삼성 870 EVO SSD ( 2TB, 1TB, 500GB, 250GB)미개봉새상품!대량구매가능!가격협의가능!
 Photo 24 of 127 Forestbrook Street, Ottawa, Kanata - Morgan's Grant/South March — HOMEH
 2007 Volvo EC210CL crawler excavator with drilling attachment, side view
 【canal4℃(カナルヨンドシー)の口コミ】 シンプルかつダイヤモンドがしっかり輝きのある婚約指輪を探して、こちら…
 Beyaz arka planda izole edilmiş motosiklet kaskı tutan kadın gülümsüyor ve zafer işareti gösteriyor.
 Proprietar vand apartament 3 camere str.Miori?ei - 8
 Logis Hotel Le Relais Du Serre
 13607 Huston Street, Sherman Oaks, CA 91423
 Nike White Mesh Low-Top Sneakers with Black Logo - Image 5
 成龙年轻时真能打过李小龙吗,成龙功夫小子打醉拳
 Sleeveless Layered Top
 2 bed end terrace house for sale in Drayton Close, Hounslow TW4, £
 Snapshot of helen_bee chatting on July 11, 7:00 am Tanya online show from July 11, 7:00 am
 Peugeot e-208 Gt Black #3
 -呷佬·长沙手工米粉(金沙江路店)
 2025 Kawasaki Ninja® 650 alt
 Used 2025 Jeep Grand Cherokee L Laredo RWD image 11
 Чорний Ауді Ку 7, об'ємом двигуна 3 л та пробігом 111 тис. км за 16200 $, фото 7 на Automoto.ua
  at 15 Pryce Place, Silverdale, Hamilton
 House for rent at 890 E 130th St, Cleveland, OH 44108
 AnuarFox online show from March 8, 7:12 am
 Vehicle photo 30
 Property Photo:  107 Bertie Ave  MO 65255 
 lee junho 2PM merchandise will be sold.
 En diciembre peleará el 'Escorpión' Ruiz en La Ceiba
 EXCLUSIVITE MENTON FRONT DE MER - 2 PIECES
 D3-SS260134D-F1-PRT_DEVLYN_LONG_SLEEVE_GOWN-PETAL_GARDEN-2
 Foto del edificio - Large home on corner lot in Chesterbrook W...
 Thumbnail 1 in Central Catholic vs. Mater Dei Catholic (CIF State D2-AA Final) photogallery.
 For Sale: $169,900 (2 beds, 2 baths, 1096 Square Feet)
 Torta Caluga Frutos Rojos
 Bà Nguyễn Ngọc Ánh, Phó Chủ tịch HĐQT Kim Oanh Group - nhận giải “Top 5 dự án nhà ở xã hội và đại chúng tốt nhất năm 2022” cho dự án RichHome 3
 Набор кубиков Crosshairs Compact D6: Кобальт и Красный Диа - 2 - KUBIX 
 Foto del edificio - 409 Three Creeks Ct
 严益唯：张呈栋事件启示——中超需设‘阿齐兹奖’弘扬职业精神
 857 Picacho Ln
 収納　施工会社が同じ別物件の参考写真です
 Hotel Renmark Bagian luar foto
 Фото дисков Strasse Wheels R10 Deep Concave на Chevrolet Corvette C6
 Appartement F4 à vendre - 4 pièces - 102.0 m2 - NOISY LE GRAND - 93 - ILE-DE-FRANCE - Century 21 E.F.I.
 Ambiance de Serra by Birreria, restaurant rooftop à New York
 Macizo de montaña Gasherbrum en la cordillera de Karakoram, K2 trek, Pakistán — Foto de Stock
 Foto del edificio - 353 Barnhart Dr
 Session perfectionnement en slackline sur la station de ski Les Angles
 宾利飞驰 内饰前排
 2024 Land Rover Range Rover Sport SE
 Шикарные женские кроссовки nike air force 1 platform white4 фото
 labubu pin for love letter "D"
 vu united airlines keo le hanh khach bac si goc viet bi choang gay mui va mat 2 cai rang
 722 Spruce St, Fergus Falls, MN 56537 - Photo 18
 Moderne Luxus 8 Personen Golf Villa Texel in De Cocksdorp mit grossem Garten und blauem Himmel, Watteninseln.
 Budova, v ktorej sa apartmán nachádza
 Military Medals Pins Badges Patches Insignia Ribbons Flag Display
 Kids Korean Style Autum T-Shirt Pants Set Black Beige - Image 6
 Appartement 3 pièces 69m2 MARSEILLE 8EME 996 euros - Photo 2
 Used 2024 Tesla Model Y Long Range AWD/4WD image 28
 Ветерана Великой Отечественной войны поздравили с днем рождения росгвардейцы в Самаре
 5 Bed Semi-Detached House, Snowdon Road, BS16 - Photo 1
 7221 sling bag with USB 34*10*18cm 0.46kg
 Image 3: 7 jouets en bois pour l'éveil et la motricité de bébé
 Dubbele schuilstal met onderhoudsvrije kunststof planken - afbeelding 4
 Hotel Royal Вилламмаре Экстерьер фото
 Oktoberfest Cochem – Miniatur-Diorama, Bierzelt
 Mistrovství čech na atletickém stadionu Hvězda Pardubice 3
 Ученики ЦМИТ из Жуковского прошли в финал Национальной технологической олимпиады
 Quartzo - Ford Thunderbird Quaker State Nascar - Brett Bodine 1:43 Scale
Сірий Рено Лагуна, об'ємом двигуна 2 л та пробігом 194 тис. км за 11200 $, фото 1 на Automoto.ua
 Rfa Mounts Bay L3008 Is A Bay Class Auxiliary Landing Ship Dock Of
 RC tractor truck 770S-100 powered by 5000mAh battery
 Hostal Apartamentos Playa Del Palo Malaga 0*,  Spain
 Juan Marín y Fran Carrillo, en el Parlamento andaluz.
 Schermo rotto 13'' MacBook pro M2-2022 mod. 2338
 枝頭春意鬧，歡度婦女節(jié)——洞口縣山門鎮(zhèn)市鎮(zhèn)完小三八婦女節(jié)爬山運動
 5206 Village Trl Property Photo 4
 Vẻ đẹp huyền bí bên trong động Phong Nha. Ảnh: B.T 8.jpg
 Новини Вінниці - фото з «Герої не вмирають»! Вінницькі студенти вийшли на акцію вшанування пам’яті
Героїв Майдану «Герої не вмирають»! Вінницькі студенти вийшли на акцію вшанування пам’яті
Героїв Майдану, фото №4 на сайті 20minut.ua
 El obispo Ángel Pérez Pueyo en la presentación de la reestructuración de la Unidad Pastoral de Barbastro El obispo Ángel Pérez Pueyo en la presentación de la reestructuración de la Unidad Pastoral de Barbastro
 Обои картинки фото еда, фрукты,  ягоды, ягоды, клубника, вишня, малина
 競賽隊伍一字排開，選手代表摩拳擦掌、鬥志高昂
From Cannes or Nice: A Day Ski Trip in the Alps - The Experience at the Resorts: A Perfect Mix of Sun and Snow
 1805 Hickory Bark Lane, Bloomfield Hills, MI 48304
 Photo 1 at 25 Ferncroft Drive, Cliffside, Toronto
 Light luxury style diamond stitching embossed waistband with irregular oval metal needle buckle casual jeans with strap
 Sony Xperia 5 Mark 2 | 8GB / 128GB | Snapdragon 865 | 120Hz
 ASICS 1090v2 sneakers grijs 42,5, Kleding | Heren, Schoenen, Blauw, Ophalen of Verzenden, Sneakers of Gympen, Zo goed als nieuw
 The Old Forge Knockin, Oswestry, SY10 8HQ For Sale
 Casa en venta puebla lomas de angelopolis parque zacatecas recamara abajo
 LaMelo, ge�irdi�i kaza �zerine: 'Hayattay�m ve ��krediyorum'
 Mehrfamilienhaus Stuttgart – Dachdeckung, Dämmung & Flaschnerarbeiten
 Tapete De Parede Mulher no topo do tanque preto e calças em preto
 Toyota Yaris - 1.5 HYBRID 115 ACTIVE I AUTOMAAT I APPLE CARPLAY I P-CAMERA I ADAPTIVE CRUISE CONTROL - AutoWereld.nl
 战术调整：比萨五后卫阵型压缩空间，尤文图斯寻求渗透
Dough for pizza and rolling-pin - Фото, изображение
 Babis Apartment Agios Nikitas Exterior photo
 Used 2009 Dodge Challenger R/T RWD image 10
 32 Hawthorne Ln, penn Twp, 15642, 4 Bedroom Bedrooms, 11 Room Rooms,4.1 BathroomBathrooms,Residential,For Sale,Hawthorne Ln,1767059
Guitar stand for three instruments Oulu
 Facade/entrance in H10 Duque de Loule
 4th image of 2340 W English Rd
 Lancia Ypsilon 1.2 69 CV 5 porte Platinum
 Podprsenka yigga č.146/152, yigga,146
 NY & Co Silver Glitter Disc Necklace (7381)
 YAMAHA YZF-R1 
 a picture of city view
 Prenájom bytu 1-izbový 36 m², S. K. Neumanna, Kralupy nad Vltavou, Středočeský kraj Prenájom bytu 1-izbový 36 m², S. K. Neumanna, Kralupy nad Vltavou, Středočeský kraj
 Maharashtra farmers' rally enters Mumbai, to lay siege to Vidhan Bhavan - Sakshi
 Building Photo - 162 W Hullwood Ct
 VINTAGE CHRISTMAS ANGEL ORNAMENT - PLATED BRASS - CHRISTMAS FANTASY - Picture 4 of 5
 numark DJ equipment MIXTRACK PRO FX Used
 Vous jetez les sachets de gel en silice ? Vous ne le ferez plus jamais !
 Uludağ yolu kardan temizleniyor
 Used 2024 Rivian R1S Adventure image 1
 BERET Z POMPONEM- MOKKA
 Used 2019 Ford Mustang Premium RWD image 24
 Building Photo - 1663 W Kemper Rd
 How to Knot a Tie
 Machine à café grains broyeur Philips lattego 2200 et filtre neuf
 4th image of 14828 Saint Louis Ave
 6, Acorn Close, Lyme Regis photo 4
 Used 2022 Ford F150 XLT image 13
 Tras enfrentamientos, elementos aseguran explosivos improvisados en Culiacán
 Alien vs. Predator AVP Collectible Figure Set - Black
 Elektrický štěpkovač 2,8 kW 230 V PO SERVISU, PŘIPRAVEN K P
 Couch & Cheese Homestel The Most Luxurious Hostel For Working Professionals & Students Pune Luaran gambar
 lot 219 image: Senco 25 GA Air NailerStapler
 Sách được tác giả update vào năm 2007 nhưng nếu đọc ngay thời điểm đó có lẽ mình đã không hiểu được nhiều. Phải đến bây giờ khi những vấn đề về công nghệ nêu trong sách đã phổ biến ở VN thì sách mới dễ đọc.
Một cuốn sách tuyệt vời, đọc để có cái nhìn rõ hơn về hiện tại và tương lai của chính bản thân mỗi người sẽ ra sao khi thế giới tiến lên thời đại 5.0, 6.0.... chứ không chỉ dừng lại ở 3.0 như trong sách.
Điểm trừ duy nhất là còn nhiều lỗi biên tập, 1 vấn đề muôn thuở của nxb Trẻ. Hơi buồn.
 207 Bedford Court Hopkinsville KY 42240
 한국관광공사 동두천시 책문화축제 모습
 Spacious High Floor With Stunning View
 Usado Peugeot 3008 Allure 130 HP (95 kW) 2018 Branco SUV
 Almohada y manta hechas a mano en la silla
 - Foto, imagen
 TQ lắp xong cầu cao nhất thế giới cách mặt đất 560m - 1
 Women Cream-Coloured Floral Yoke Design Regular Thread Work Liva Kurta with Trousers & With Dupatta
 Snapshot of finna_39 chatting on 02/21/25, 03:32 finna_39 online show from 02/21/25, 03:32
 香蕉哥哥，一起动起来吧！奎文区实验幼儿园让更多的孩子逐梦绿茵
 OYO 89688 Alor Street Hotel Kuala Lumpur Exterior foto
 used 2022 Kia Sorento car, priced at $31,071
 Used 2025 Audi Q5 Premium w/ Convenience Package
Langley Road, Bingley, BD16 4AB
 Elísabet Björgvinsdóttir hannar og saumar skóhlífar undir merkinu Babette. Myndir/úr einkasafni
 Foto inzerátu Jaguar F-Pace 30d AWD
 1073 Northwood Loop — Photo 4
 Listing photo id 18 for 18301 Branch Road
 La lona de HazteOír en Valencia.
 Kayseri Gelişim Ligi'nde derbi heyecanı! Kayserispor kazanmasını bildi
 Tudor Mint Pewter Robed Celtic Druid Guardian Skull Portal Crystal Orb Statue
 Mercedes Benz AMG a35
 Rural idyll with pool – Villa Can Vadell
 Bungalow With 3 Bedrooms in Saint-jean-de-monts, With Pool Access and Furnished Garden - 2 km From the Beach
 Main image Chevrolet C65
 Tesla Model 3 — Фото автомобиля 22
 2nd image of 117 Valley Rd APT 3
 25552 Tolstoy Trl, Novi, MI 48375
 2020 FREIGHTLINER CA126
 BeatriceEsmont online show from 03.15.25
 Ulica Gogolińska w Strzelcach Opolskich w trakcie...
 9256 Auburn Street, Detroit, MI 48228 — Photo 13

__ACTION ITEM__:
Transcribe, exactly and without additions, the lines of the records above, beginning with the line that contains "Uludağ yolu kardan temizleniyor" and ending with the line that contains "Langley Road, Bingley, BD16 4AB", both included.

__OUTPUT FOR THIS EXERCISE__:
 Uludağ yolu kardan temizleniyor
 Used 2024 Rivian R1S Adventure image 1
 BERET Z POMPONEM- MOKKA
 Used 2019 Ford Mustang Premium RWD image 24
 Building Photo - 1663 W Kemper Rd
 How to Knot a Tie
 Machine à café grains broyeur Philips lattego 2200 et filtre neuf
 4th image of 14828 Saint Louis Ave
 6, Acorn Close, Lyme Regis photo 4
 Used 2022 Ford F150 XLT image 13
 Tras enfrentamientos, elementos aseguran explosivos improvisados en Culiacán
 Alien vs. Predator AVP Collectible Figure Set - Black
 Elektrický štěpkovač 2,8 kW 230 V PO SERVISU, PŘIPRAVEN K P
 Couch & Cheese Homestel The Most Luxurious Hostel For Working Professionals & Students Pune Luaran gambar
 lot 219 image: Senco 25 GA Air NailerStapler
 Sách được tác giả update vào năm 2007 nhưng nếu đọc ngay thời điểm đó có lẽ mình đã không hiểu được nhiều. Phải đến bây giờ khi những vấn đề về công nghệ nêu trong sách đã phổ biến ở VN thì sách mới dễ đọc.
Một cuốn sách tuyệt vời, đọc để có cái nhìn rõ hơn về hiện tại và tương lai của chính bản thân mỗi người sẽ ra sao khi thế giới tiến lên thời đại 5.0, 6.0.... chứ không chỉ dừng lại ở 3.0 như trong sách.
Điểm trừ duy nhất là còn nhiều lỗi biên tập, 1 vấn đề muôn thuở của nxb Trẻ. Hơi buồn.
 207 Bedford Court Hopkinsville KY 42240
 한국관광공사 동두천시 책문화축제 모습
 Spacious High Floor With Stunning View
 Usado Peugeot 3008 Allure 130 HP (95 kW) 2018 Branco SUV
 Almohada y manta hechas a mano en la silla
 - Foto, imagen
 TQ lắp xong cầu cao nhất thế giới cách mặt đất 560m - 1
 Women Cream-Coloured Floral Yoke Design Regular Thread Work Liva Kurta with Trousers & With Dupatta
 Snapshot of finna_39 chatting on 02/21/25, 03:32 finna_39 online show from 02/21/25, 03:32
 香蕉哥哥，一起动起来吧！奎文区实验幼儿园让更多的孩子逐梦绿茵
 OYO 89688 Alor Street Hotel Kuala Lumpur Exterior foto
 used 2022 Kia Sorento car, priced at $31,071
 Used 2025 Audi Q5 Premium w/ Convenience Package
Langley Road, Bingley, BD16 4AB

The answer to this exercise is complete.